When you define a curve in this way it becomes possible to say that each curve has a 'domain' in which it exists. The start of the domain represents the start of the curve and the end of the domain the end of the curve. A domain is a numeric range, say {0.0 to 12.67}. The curve is undefined for numbers outside of the domain. The numbers inside the domain are called 'parameters' and are usually represented with the symbol t. It's important to realize that parameters have little or nothing to do with length. The domain of a curve may well go from zero to the length of the entire curve, but that doesn't mean that when you measure a curve at t=1.5 that you'll get a point 1.5 units along the curve. 'Parameter density' is not guaranteed to be constant meaning that if you walk along the curve at fixed parameter intervals, your speed in 3D space will not be constant.

Curve parameters are usually closely related to the mathematical definition of a particular type of curve. For Lines the parameters tend to go from zero (start) to one (end) regardless of the actual length of the line. Circles tend to have parameter domains from zero to 2*Pi as circles are described using Sine and Cosine functions. Nurbs curves are defined by a set of consecutive polynomials and the parameters are related to the variables in those polynomials.

Long story short, parameters are the only way in which you can measure/sample/evaluate a curve at a specific location. You can measure the location of a curve at a parameter, but also the tangent vector and the curvature etc. etc. It is possible to compute what parameter represents the curve at a certain distance from the start-point, but that computation can be quite complicated and expensive (from a processor point of view), which is why most curve evaluation components use curve parameters as input.

So when you use the Evaluate Curve component and you provide a parameter outside of the curve domain, the component will complain. If you provide a parameter inside the domain then you'll get the location and tangent vector of the curve at that parameter.

You never pick parameter by hand btw., they are almost always the result of a previous step in the algorithm.

--

David Rutten

david@mcneel.com

thank you very much , I appreciate your help

So if the t parameter is based upon a mathematical definition of the curve, is there a way to reconstruct this definition so that when you evaluate curves the parameter on the curve is directly proportional to length?
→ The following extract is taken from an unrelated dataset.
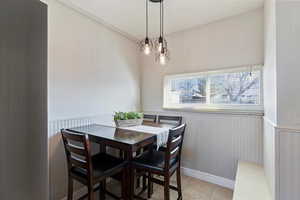 Dining area featuring wainscoting and light tile patterned flooring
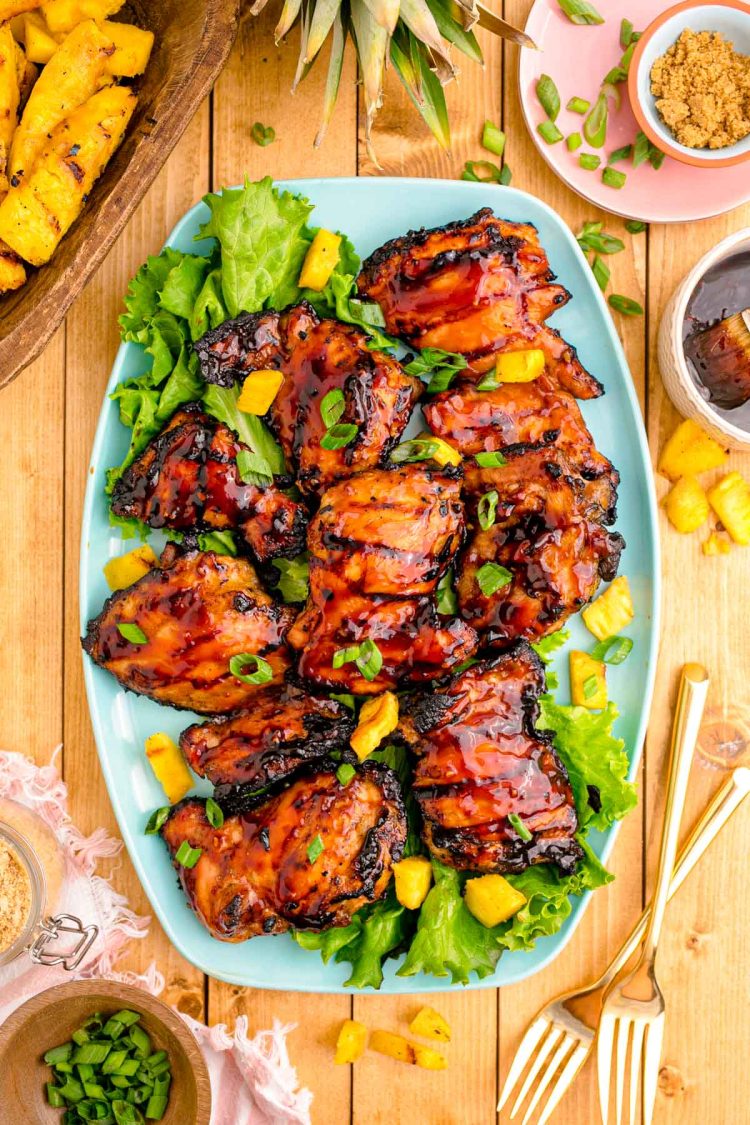 Close up photo of a blue platter with grilled huli huli chicken on it.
Realizing now that any script or definition I have written that intends to find midpoints by reparameterizing is actually giving me false results.

Realizing now that any script or definition I have written that intends to find midpoints by reparameterizing is actually giving me false results.

For example, the divide length component gives you the t-parameter along the curve, but this does not work without shattering the curve if you want to measure the length of a curve from one parameter to another. How does the divide length component return the t-parameter on the curve?

Hi Pantelis,

Evaluate curve component, evaluates (puts a point) at specific part of the curve, related to the "t" parameter.
"t" input is not an angle input, but rather a curve domain parameter. By clicking on the "C" input of the Evaluate curve component and choosing "reparametarize" you are changing the domain of the curve to "0 to 1". If the curve length represents the curve domain, then you can assign a point at the middle of the curve by inputting "0.5" as your "t" parameter.

This great book, about grasshopper basics, will make some of your questions more clear:

thank you very much ... need to do some studying i guess !!!

thaaaaaaan you ... great !!!!!!!!!!!